Posted on August 3, 2023
Alberta is pausing all approvals for new wind and solar power projects larger than one megawatt for the next six months, as it reviews where they can be built, how the surge in renewables affects the province’s power grid and rules about what happens to installations when they reach the end of their life.
Alberta leads Canada in renewables growth. The multibillion-dollar boom in the province over the past few years has been driven by an abundance of sun, a rapid and dramatic drop in the cost of solar technology and Alberta’s unique power market structure, which makes it easy for companies to sign renewable power purchase agreements, thus helping them with their corporate emissions-reduction goals.
Alberta’s power grid capacity is about 18,000 megawatts. Just a few years ago, in 2015, coal generated close to two-thirds of the province’s power. That year, a suite of climate policies introduced by the newly elected NDP included a goal to get Alberta off coal power by 2030, which is now set to happen by the end of 2023. Currently, about one-third of the grid is renewable power.
But the United Conservative Party government says the surge in wind and solar projects means policies need to be updated to reflect the current state of the market.
Affordability and Utilities Minister Nathan Neudorf said that could include mandatory security bonds that renewable developers must pay to ensure projects can be cleaned up when they reach the end of their life.
“When the electricity grid was set up 25 years ago, those were great policies, but the world’s changed. So we need to address this quickly and answer some of these challenges,” he told The Globe and Mail in an interview.
The pause on project approvals before the Alberta Utilities Commission (AUC) begins on Thursday, and runs until Feb. 29. Work on the policy review will begin immediately, led by the AUC. Microgeneration, projects under one megawatt and isolated generation projects will be exempted from the pause.
“The sooner we start with a defined process and timeline, the sooner we can resolve these items and move forward together,” Mr. Neudorf said.
“We think that transparency, as well as collaboration with industry, is going to set clear expectations, saying we all want to work together to a great end.”
There are 3,400 megawatts of wind and solar projects currently under construction in Alberta, worth more than $2.7-billion. They have brought jobs and a flood of new revenue for rural municipalities in the form of taxes.
But the developments have also caused consternation.
Rural municipalities worry that prime agricultural land is being used for solar panels rather than crops, and residents aren’t always fans of the wind turbines that spin on the horizon.
And energy projects have stung rural communities before. Orphaned oil and gas wells litter the province, left behind by bankrupt operators or run partially dry then sold to small companies that can’t – or won’t – pay to plug and mitigate them. Municipal councils and landowners don’t want to be stuck with a similar problem when it comes to solar and wind assets.

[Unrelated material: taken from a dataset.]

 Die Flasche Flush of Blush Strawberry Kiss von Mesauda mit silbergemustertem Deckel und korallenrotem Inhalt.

Renewable developers generally include terms to cover cleanup in contracts with landowners, but rural municipalities have said that’s not enough of a guarantee.

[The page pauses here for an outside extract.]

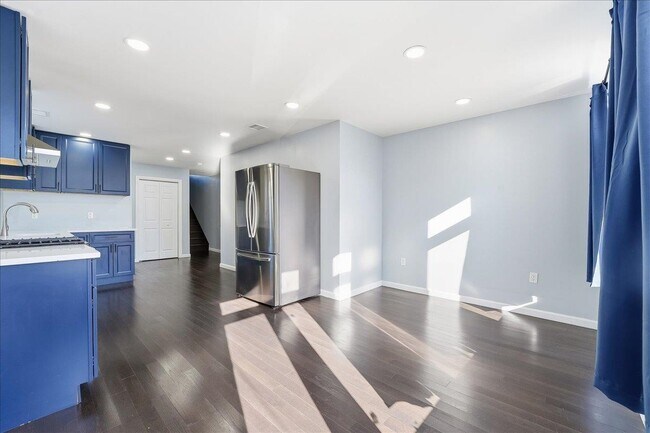 Foto del edificio - 225 Freeman Ave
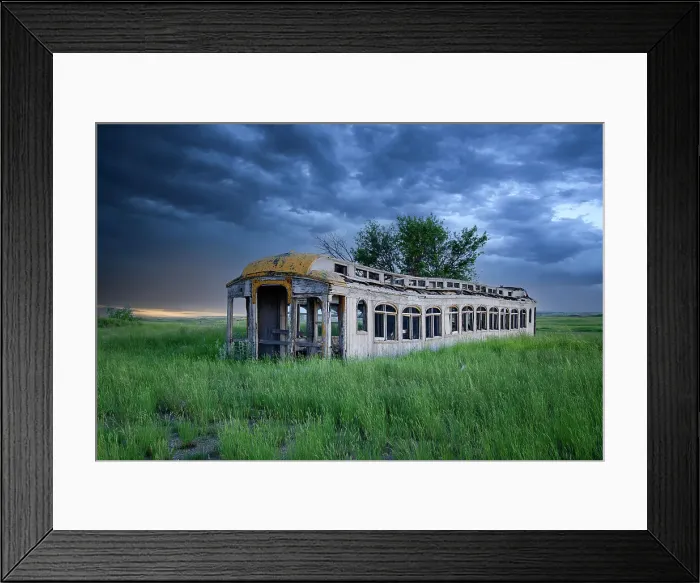 Framed Print : USA, Great Plains, North Dakota, Minot, Great Northern rail car, abandoned (m) Framed Print : USA, Great Plains, North Dakota, Minot, Great Northern rail car, abandoned (m)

At the Rural Municipalities of Alberta fall convention last year, a resolution passed that urged the province to learn from its mistakes with fossil fuels and deal with the end-of-life issue for renewables before it’s too late. It asked the government to mandate the collection of adequate funds for a cleanup via, for example, a reclamation surety bond as a condition of project approval, with the amount of the bond based on data-driven projections of actual reclamation costs.
“We’re only expecting this industry to grow. The sooner we can actually get those expectations clearly defined and outlined for what happens at the end of life and reclamation, who pays how much, the better,” Mr. Neudorf said.
He said approximately 15 renewable projects will be affected by the pause.
The government has already spoken with around 200 individuals, Mr. Neudorf said, including landowners, stakeholder groups, consumer advocates and power providers that rely heavily on natural gas. He will meet with the Canadian Renewable Energy Association – the main group that advocates for wind, solar and energy storage solutions – later this week.